# [WHAT IS NEEDED]
No picture belongs in the answer, which must hold exactly the lines from the one with "The IVC is still" through the final line below.

# [PROVIDED MATERIAL]
-- Opening Marker --

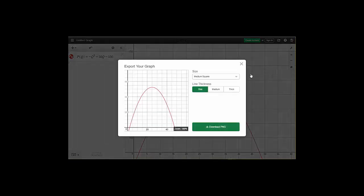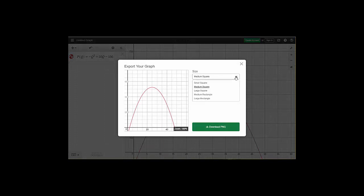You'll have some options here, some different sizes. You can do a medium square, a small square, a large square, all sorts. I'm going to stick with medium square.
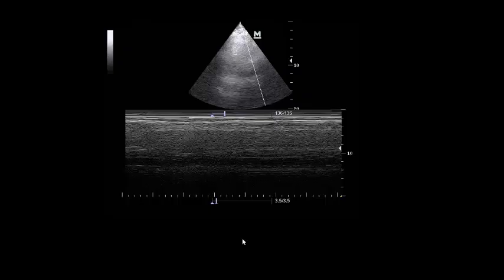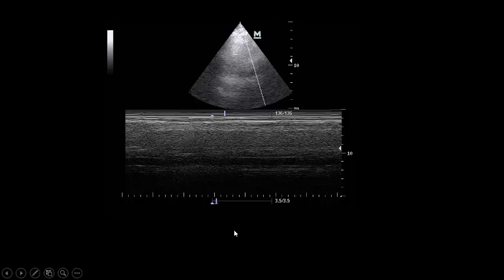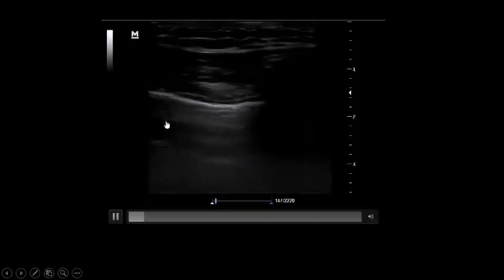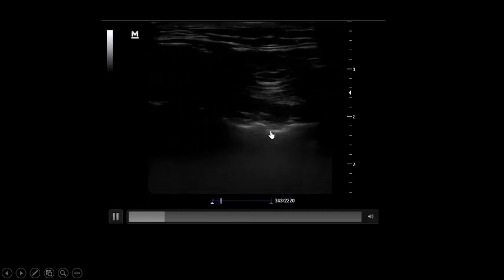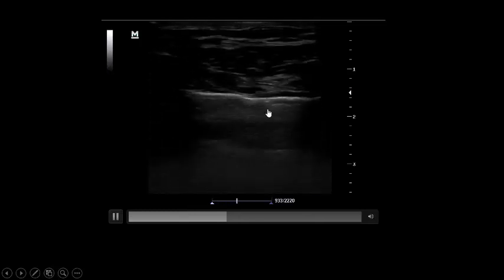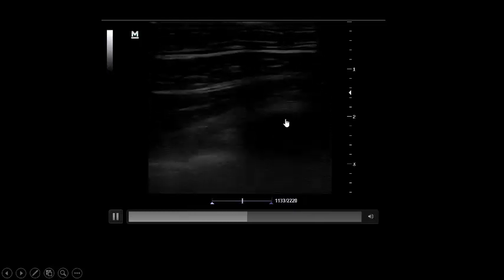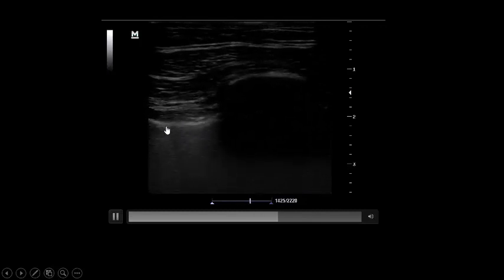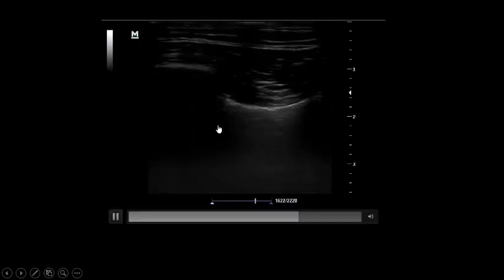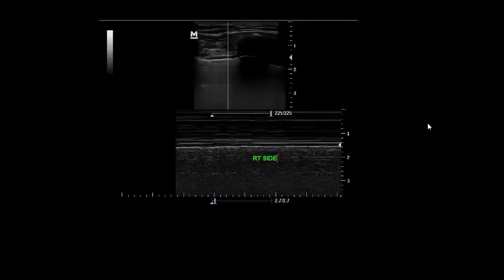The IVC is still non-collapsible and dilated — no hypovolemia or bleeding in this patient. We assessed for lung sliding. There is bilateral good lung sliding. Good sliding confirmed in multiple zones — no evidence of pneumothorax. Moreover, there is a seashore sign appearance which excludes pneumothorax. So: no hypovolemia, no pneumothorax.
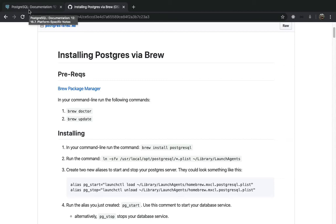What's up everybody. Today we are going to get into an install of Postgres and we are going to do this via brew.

-- Closing Marker --

# [TASK OUTPUT]
The IVC is still non-collapsible and dilated — no hypovolemia or bleeding in this patient. We assessed for lung sliding. There is bilateral good lung sliding. Good sliding confirmed in multiple zones — no evidence of pneumothorax. Moreover, there is a seashore sign appearance which excludes pneumothorax. So: no hypovolemia, no pneumothorax.
What's up everybody. Today we are going to get into an install of Postgres and we are going to do this via brew.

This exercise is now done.